Mi si dirà: «Però spacciano lo stesso e delinquenti restano». Ed è qui che voglio fare lo sforzo di immedesimarmi in loro (e di egiziani un po’ me ne intendo) con l’impegno (che forse è la sfida più grossa) di mantenere la barra diritta e non cadere nel buonismo, e di rimanere quello che vuole lavorare davvero con loro e per loro mettendo a frutto le competenze e il ruolo di “operatore”.
Per due giorni i vari Ahmed, Mohamed, Hamada, Mahmoud si sono fermati a lungo vicino al nostro banchetto di Sheb Sheb ricco di sandali, foto dei laboratori di produzione, foto dei luoghi chiedendo informazioni, scambiandosi commenti e scegliendo con la massima cura il modelli di sheb sheb che tutti, e dico proprio tutti, si sono comprati (senza fare troppe storie sul prezzo!) e cercando di stabilire un contatto con noi.
Che tipo di contatto? Di certo un legame forte, per loro importante ma che non deve essere impegnativo. Il perché è presto detto: bisogna tornare a lavorare, e non perdere il filo di clienti e soldi da riscuotere è il primo e più evidente motivo; ma anche, e penso di non sbagliare: io vivo in Bligny 42, non esco da queste mura (che ormai ho più alte nella testa che nella realtà) perché fuori per me non c’è mai stato e mai ci sarà niente di buono, troppe volte sono stato illuso e fregato.

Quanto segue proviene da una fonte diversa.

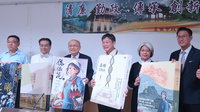「斯卡羅」原創作者陳耀昌 捐台南學校逾千本著作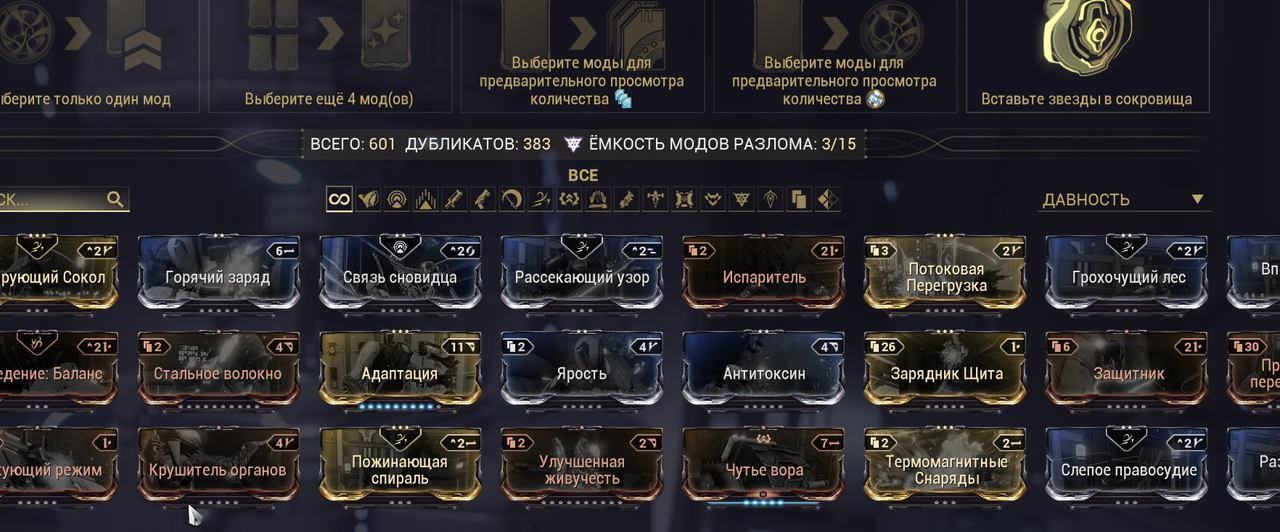 Снимок экрана 2026 04 10 002631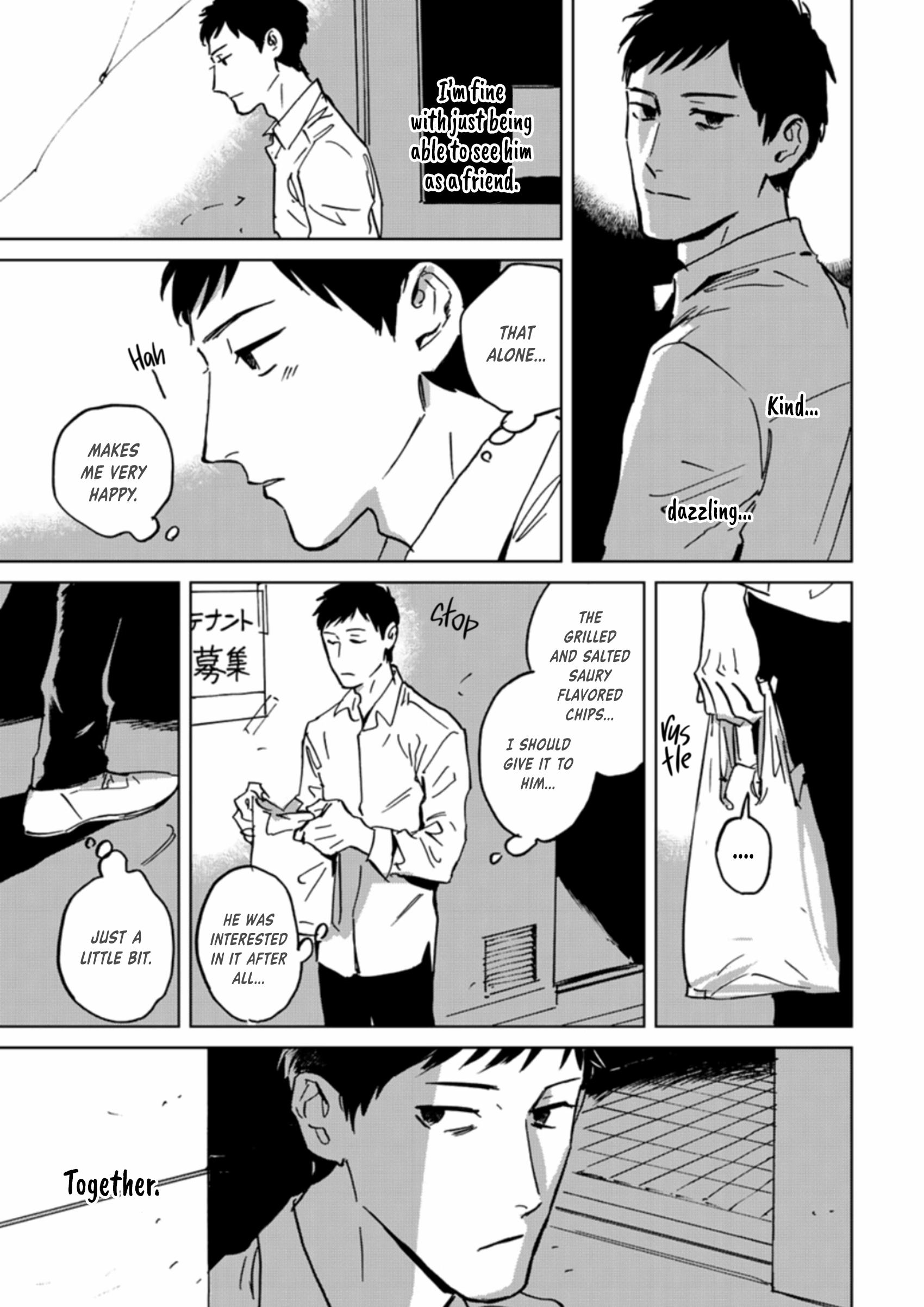 Ai, Sei Chapter 3 page 28 - 
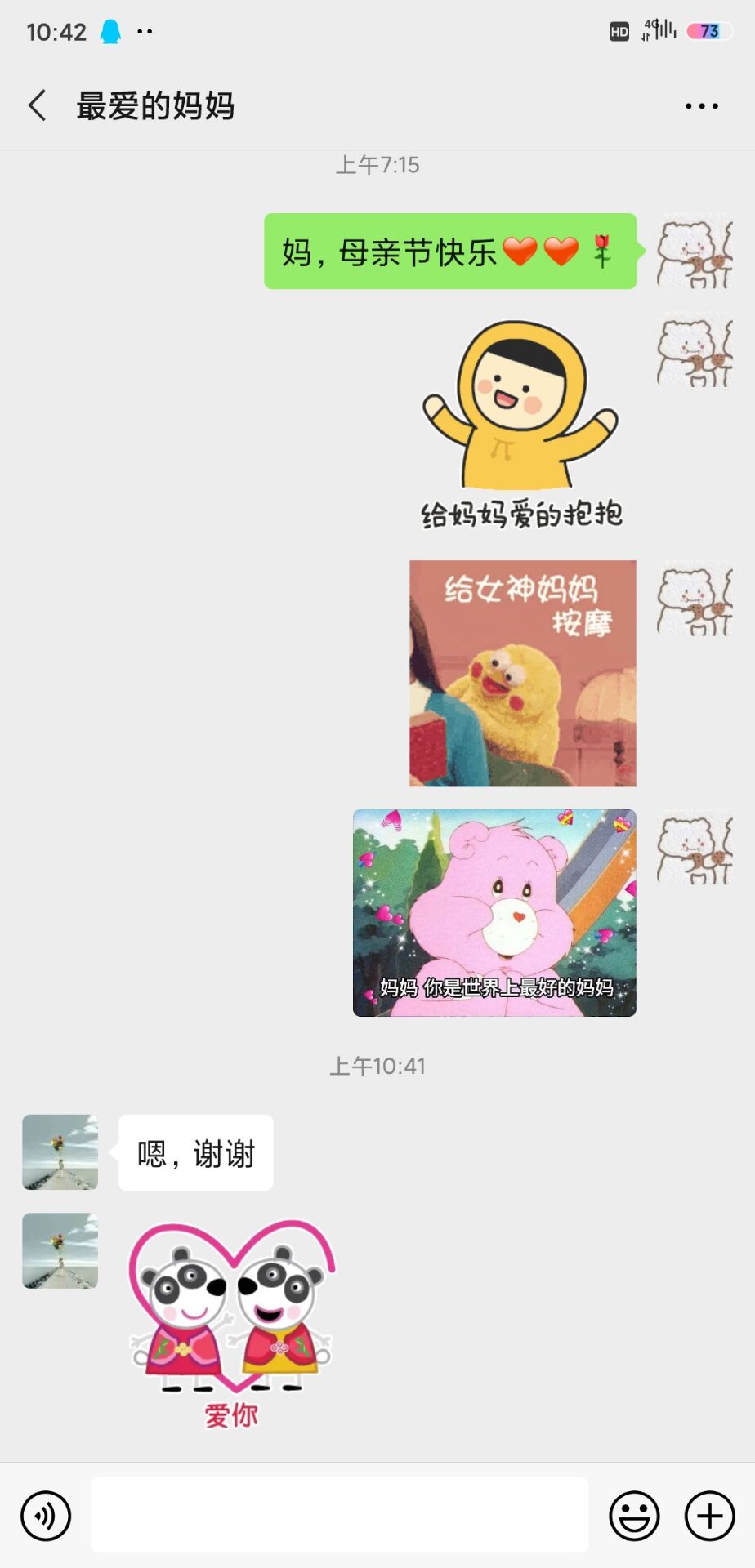 太阳成集团tyc234cc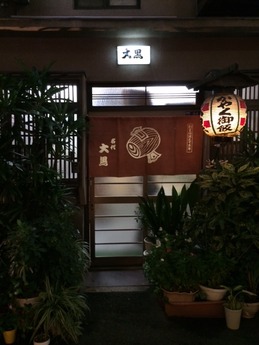 大黒 (1)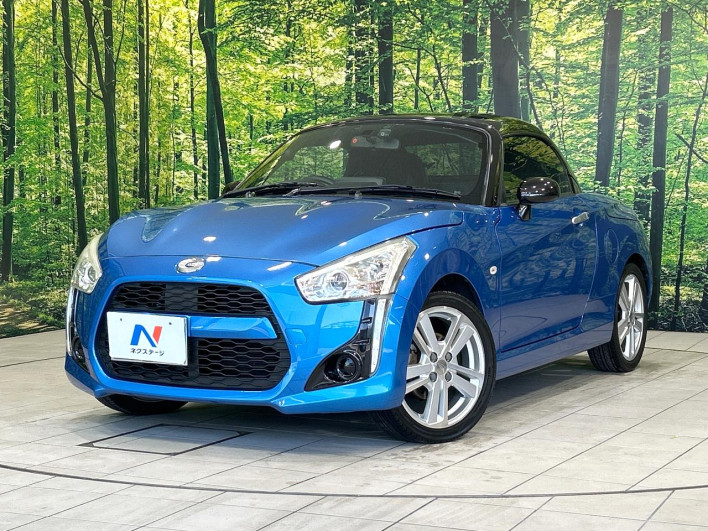 2014 Daihatsu Copen DBA-LA400K (UW-6a32108ac092a)[0]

«Certo – mi si dirà ancora – tanti nostri utenti sono stati illusi e fregati ma non sono andati a spacciare: sono venuti a scuola, sono andati dall’avvocato del NAGA o di Todo Cambia, hanno cercato appoggi tra le varie associazioni». Ma la risposta è tremendamente semplice: non tutte le teste sono uguali e quindi hanno la stessa reazione per non farsi schiacciare dai soprusi del mondo di oggi.
Bisogna andare oltre, ma come? La risposta non ce l’ho, è tutta da cercare (insieme a chi vuole), di certo le attività dell’Associazione Bligny 42 danno un grosso impulso e vanno sostenute al massimo.
Per adesso ho imparato a rispettare questi ragazzi, coinvolgendoli, fin quando però non capisco che la loro vita ha delle “esigenze” che devono soddisfare e che li fanno scappare via, e allora non siamo i “Redentori” o “Quelli che risolvono i problemi del mondo” e dobbiamo lasciarli andare e lasciarli fare, senza giudicarli. Sono anche certo di una cosa, e in questi giorni l’ho provata, questo rispetto ti ritorna indietro con altrettanto rispetto. E già qualcosa, no?